Dan beruntung kami didanai oleh perusahaan pembuat alat-alat petualang terkenal
dari luar negeri. Jelas, pasti mereka terarik mendanai ekspedisi kami. 5 gunung
tertinggi dalam dua bulan oleh mahasiswa. Cocok untuk bahan promosi di kalangan
mahasiswa maupun kawula muda yang semakin besar partumbuhan pasarnya. Namun,
bagi ku, pendakian ini adalah bentuk tanggung jawabku atas perasaan bersalah
terhadap seseorang. Juga kakaknya.
Sesuai rencana, pendakian pertama adalah gunung tertinggi di
Jawa - Gunung Semeru. Setelah melakukan
perjalanan selama dua hari dari kota Malang,
kami bertiga dan dua orang dari sponsor sampai di danau Ranukumbolo. Kenangan
itu seakan berkelabat memenuhi rongga pikiranku. Disini, seseorang yang
kupanggil Kholif, tiba-tiba berwajah pucat, tersenyum getir menatapku, setengah
berlari mencoba menggapai tanganku, namun tidak sampai. Dia terjatuh dengan kepala
menghantam batu. Berdarah dan aku panik. Secepat mungkin kubangunkan tubuhnya
yang terasa dingin. Masih terngiang dalam telingaku apa yang dia katakan. “Rinjani”.
Aku hanya bisa tercengang saat itu, tidak memperdulikan kedua temanku yang
mulai memeriksa keadaan tubuh nya. Tidak memperdulikan tatapan simpati dari
pendaki lain yang mulai mengerubuti kami. Terdengar salah satu pendaki dengan
telpon satelitnya memanggil petugas pos pendakian. Karena keterbatasan alat
transportasi. Kami hanya bisa menunggu jemputan petugas yang mulai naik.

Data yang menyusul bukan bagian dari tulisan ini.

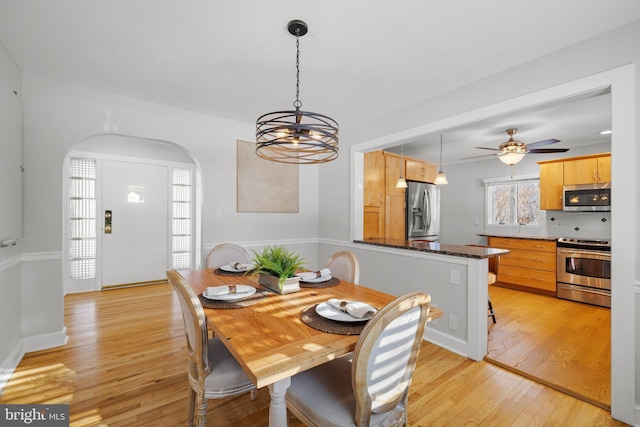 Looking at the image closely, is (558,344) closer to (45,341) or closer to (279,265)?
(279,265)

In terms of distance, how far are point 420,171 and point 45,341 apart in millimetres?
5041

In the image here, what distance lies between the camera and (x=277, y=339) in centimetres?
118

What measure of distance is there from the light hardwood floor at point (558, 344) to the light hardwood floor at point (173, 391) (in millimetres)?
133

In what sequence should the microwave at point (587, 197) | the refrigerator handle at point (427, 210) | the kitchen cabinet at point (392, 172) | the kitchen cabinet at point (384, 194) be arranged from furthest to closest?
the refrigerator handle at point (427, 210) → the kitchen cabinet at point (392, 172) → the microwave at point (587, 197) → the kitchen cabinet at point (384, 194)

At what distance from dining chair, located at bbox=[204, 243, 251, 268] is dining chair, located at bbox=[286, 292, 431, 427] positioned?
65.3 inches

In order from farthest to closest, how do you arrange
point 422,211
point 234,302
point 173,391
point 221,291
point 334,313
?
point 422,211
point 173,391
point 221,291
point 234,302
point 334,313

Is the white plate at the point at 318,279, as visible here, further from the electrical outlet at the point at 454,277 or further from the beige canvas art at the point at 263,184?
the beige canvas art at the point at 263,184

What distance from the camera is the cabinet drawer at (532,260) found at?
4.33m

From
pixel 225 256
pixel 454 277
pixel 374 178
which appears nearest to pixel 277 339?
pixel 225 256

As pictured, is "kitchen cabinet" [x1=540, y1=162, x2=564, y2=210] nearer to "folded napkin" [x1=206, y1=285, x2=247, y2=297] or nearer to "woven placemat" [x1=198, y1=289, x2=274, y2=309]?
"woven placemat" [x1=198, y1=289, x2=274, y2=309]

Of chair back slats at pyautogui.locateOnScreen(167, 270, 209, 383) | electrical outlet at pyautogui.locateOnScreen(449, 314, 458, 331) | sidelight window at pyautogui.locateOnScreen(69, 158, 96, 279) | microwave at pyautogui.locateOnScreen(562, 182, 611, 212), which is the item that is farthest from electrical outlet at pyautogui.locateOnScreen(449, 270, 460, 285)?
sidelight window at pyautogui.locateOnScreen(69, 158, 96, 279)

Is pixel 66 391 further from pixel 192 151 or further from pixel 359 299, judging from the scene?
pixel 192 151

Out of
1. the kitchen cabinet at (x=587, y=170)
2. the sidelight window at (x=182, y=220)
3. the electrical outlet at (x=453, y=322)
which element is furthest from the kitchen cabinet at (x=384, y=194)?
the sidelight window at (x=182, y=220)

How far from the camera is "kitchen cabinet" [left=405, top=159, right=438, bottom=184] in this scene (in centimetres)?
467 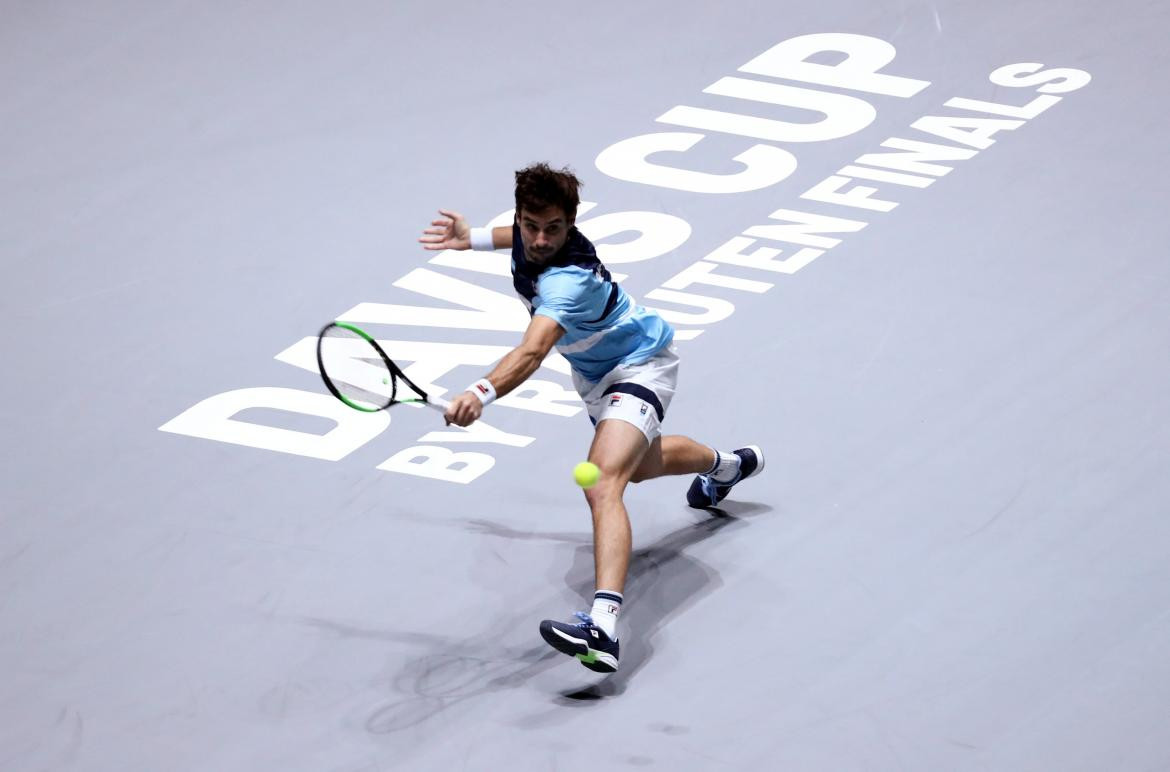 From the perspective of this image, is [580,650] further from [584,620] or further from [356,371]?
[356,371]

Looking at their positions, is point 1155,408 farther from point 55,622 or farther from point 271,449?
point 55,622

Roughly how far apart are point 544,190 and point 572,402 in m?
1.93

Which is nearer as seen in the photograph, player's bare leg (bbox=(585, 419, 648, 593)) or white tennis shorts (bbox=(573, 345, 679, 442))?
player's bare leg (bbox=(585, 419, 648, 593))

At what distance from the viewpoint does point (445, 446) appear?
26.0 ft

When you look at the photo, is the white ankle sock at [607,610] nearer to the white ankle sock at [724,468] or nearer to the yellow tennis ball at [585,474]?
the yellow tennis ball at [585,474]

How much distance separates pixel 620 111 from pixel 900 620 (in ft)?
15.6

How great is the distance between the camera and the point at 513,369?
6.16m

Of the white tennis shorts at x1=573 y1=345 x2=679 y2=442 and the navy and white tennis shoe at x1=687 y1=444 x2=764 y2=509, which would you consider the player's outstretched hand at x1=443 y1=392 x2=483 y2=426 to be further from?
the navy and white tennis shoe at x1=687 y1=444 x2=764 y2=509

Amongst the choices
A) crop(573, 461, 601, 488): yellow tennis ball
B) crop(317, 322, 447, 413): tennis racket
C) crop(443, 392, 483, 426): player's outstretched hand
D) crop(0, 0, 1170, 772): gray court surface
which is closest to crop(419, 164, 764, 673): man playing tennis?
crop(443, 392, 483, 426): player's outstretched hand

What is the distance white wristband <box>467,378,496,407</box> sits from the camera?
19.8 feet

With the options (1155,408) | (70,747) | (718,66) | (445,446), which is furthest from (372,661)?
(718,66)

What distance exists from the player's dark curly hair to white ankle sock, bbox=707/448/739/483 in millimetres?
1254

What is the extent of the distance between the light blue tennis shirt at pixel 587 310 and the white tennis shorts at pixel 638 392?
0.03 metres

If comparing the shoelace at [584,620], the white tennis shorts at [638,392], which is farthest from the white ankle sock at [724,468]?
the shoelace at [584,620]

Setelah mengucap doa bersama teman sependakian di tempat
ini. Kami melanjutkan perjalanan untuk mencapai puncak semeru. Kawah gunung
yang masih mengeluarkan debu dan asap hitam membuat kami terpana melihatnya. Rencananya
kami akan mendapatkan sunrise di puncak, membiarkan kedua orang dari sponsor
kami mengambil apapun yang mereka inginkan dan setelah itu kembali lagi ke
ranukumbolo untuk ngecamp semalam sebelum perjalanan pulang.
Dari kota Malang, kami bertolak ke Banyuwangi menggunakan
bis. Dari Banyuwangi menumpang kapal feri menyebrang ke Bali. Di pantai Kuta
kami beristirahat sebelum melanjutkan perjalanan menuju gunung tertinggi di
kepulauan Sunda kecil-gunung Rinjani. Selanjutnya perjalanan akan kami lanjutkan
dengan menumpang mobil sewaan ke pelabuhan Bali dan menumpang speed boat menuju Lombok tepatnya daerah
Gili Trawangan. Dari sana kami akan membeli keperluan dan memulai pendakian.

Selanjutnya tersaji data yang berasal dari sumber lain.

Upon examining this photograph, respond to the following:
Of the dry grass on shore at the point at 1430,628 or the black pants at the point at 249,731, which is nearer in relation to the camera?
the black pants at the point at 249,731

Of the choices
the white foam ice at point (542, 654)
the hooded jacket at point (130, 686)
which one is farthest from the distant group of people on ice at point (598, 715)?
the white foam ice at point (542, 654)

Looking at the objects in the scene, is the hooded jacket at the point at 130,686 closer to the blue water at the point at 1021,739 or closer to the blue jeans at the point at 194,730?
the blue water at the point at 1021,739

“eh zen, A deki jadi ngikut ke Rinjani kagak” tanya agus,
salah satu teman ekspedisi.
“gak tau tuh. Kalo emang dia serius menyayangi adiknya, dia
pasti datang ke Rinjani.” Jawabku seperlunya.
“lu gak ngehub dia zen?, barangkali dia mau naik bareng”
tanya asep, menoleh beberapa saat dan melepaskan pandangan lagi ke arah pantai.
“kagak lah, ngapain gw hubungi dia, toh dia juga pasti
ngajak temen-temennya.”
Betiga kami menghabiskan sore di pantai Kuta. Menatap 47
detik sunset tanpa pernah bosan.
Semua punya lamunan masing-masing, dan aku, mencoba melukis wajahnya dengan
semburat jingga yang mulai meredup di langit sore ini. Dua teman kami lainnya
sibuk mengotak atik notebook nya.
Mereka sibuk mengirim laporan perjalanan dari Semeru kemaren. Mengirim
foto-foto karya mereka. Begitupula foto sunset
sore ini. Berhasil mereka rekam untuk menambah bahan iklan mereka.
Tepat pukul 08.00 kami sudah sampai di Gili Trawangan. 1 jam
sudah mengendarai speed boat dari Bali. Berbekal peta jalan dan bekal seperlunya.
Kami mulai melanjutkan perjalanan mendaki gunung berapi kedua tertinggi di
Indonesia. Untuk mencapai puncak gunung ini bisa dicapai dari desa Sembalun dan
desa Senaru yang bisa di akses dari kota Mataram. Kedua jalur tersebut adalah
jalur normal yang sering dipakai oleh pengunjung yang akan mendaki.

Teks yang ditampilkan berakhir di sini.